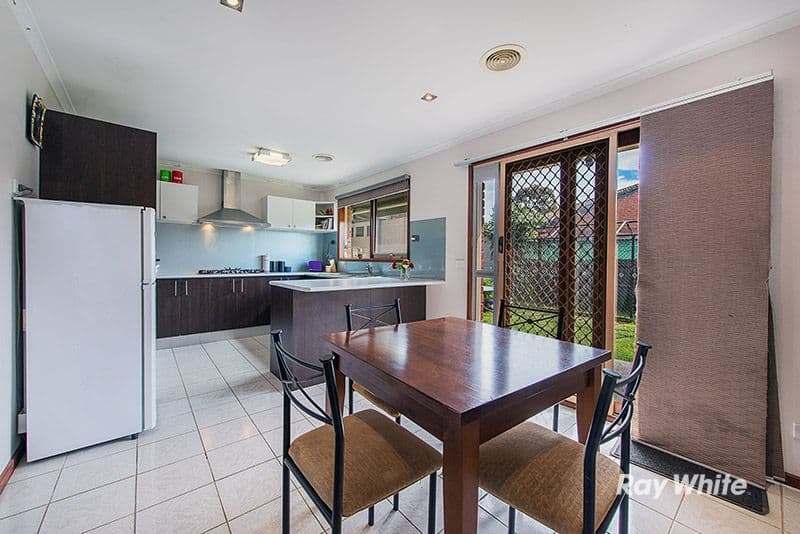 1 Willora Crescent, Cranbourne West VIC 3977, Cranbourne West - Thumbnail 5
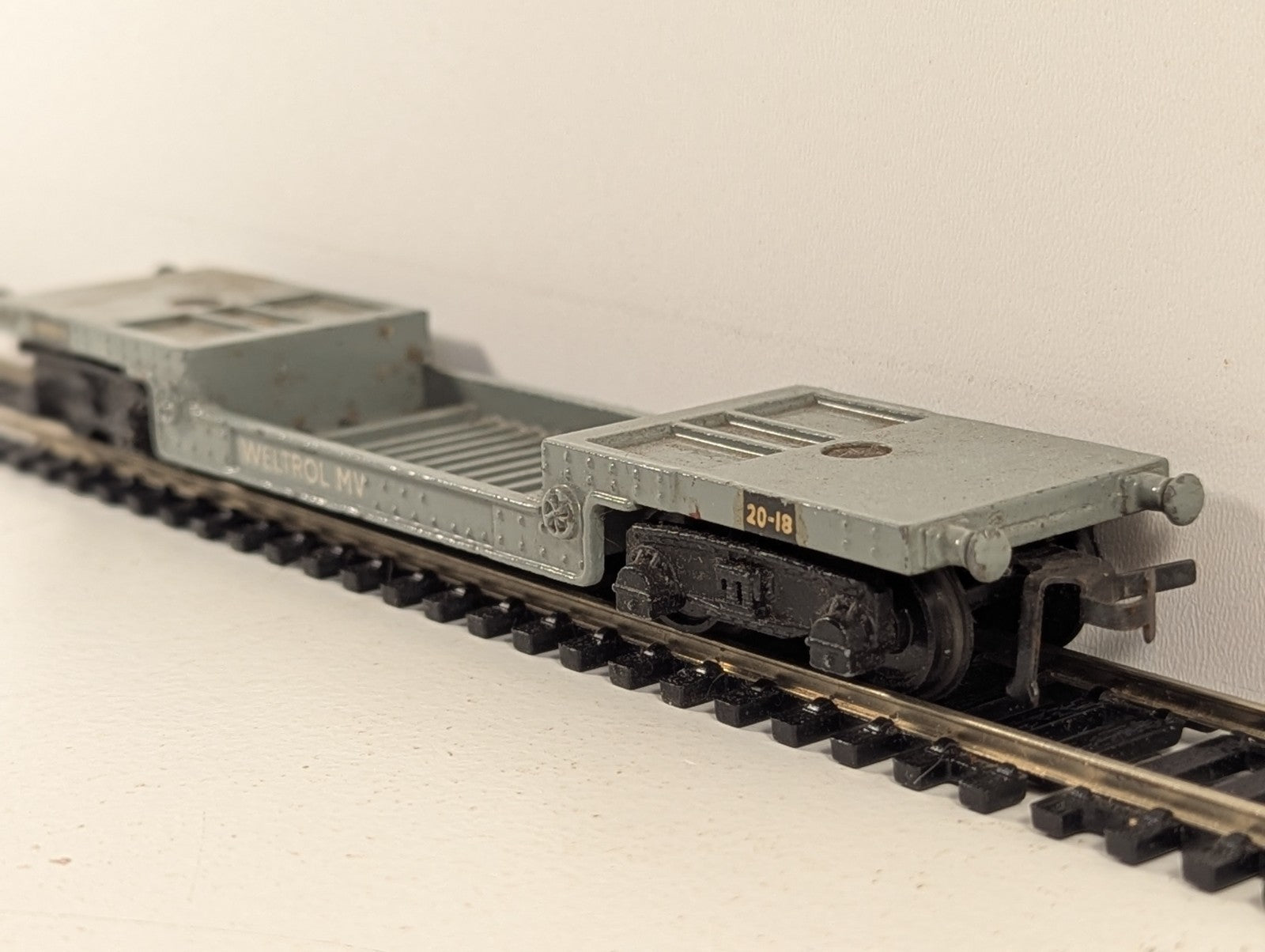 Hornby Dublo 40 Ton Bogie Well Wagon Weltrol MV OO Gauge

----------

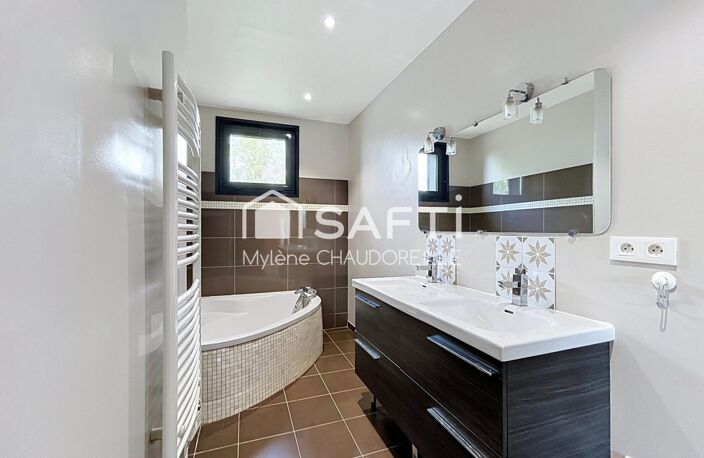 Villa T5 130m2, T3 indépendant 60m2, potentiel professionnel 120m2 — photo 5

----------

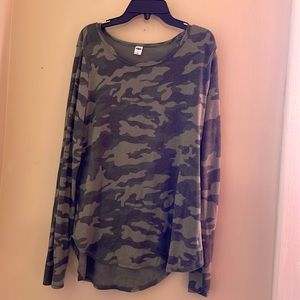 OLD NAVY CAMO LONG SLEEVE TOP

----------

ASSIGNMENT.
Set down word for word the lines above from the one with "1 Willora Crescent, Cranbourne" up to and including the one with "Hornby Dublo 40". Omit every picture.

TASK RESPONSE.
 1 Willora Crescent, Cranbourne West VIC 3977, Cranbourne West - Thumbnail 5
 Hornby Dublo 40 Ton Bogie Well Wagon Weltrol MV OO Gauge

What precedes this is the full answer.